Les principes que je viens d’exposer sont absolument généraux. Ils s’appliquent à l’éducation de l’homme aussi bien qu’à l’acquisition des instincts des animaux et à la formation des caractères des peuples.

La base de toutes les acquisitions mentales durables est toujours la formation de réflexes inconscients produits par des associations d’abord conscientes. Il n’y a pas d’autres moyens de faire passer le conscient dans l’inconscient.

Et pour montrer la généralité et la fécondité de ces principes fondamentaux de l’éducation, nous allons les appliquer à des cas difficiles, tels que la formation de certains instincts et des caractères psychologiques des races.

Beaucoup d’instincts sont constitués par le mécanisme des associations qui permet au bicycliste de monter à bicyclette, au violoniste de jouer du violon, à l’équilibriste de marcher sur une corde, à l’enfant d’acquérir une morale. Parmi les associations infinies que le bicycliste, le violoniste, l’équilibriste, etc., peuvent réaliser, la répétition finit par fixer les plus utiles. Elles deviennent alors inconscientes et forment des réflexes. Les relations entre les éléments constitutifs du système nerveux, c’est-à-dire les neurones, relations d’abord accidentelles, difficiles et variables, finissent par devenir régulières et faciles. L’acte est alors inconscient, mais non pas encore héréditaire et ne peut constituer, par conséquent, un instinct. Il ne pourra le devenir qu’après avoir été répété pendant un grand nombre de générations. C’est seulement lorsqu’il est devenu héréditaire, et n’a besoin, par conséquent, d’aucune éducation pour se manifester, que l’acte inconscient mérite le nom d’instinct.

Il suffit d’observer les animaux qui nous entourent pour voir comment les réflexes créés par des associations, d’abord conscientes, naissent, se fixent au moyen de l’hérédité, et se transforment suivant l’éducation et les nécessités d’existence auxquelles ils sont soumis.

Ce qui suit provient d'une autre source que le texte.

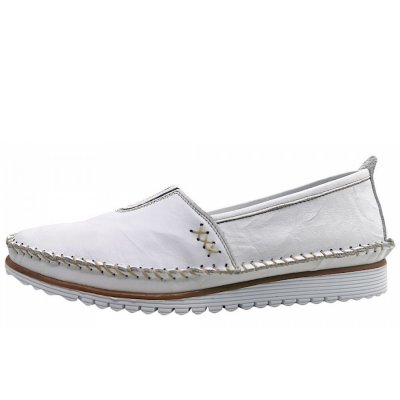 andrea conti Slipper in weiß 001 andrea conti Slipper in weiß 001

C’est un sujet bien peu étudié encore, mais sur lequel l’attention se fixera dès que l’on s’apercevra qu’il peut avoir pour la détermination des méthodes à employer dans l’éducation de l’enfant une importance prépondérante.

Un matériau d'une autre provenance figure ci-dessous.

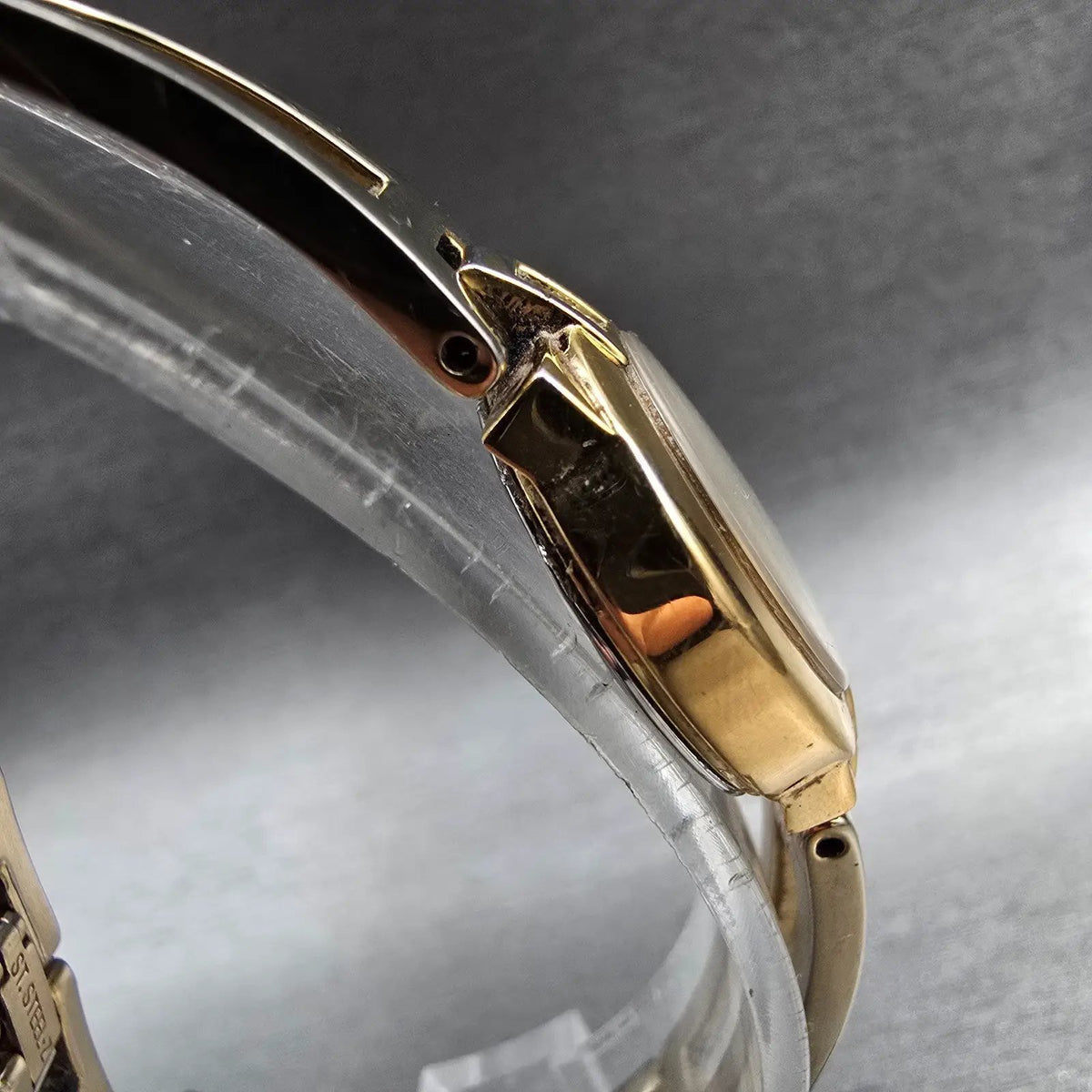Seiko Watch Women 20mm MOP Dial Gold Diamonds Round 1N00-0GN0 New Battery3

Les exemples connus d’instincts nouvellement créés chez les animaux domestiques ne sont pas encore nombreux. On sait cependant que l’arrêt chez le chien, devenu héréditaire aujourd’hui, et par conséquent instinctif, a été créé autrefois par le dressage. Nous voyons d’autres actes analogues en train de devenir héréditaires, mais qui ne le sont pas encore tout à fait. Tel, par exemple, celui consistant à déjouer la ruse spéciale du cerf qui substitue un autre cerf à lui-même lorsqu’il est fatigué par la poursuite des chiens. Il y a soixante ans seulement, d’après M. Couteaux, que dans le Poitou, on a su dresser les chiens à combattre cette ruse. Ils n’exécutent pas encore d’une façon instinctive les manœuvres nécessaires et l’éducation doit intervenir à chaque génération, mais elle intervient de moins en moins, et, dès leurs premières années, ils commencent à faire ce que leurs ancêtres ne pouvaient accomplir que vers la troisième ou quatrième année.

Toutes les remarques qui précèdent nous permettent de comprendre le rôle que peut jouer l’éducation dans la formation des qualités ou des défauts d’un peuple. Formés par certaines nécessités d’existence et de milieu persistant pendant plusieurs générations, ils ont fini par devenir héréditaires et survivent aux conditions qui les ont fait naître. Les caractères psychologiques des peuples constituent en réalité des instincts que la nécessité a créés.

Il est évident, par exemple, qu’une nation pauvre, habitant une île au dur climat, et obligée de vivre d’expéditions maritimes pendant des siècles, deviendra forcément, sans éducation spéciale, entreprenante et hardie.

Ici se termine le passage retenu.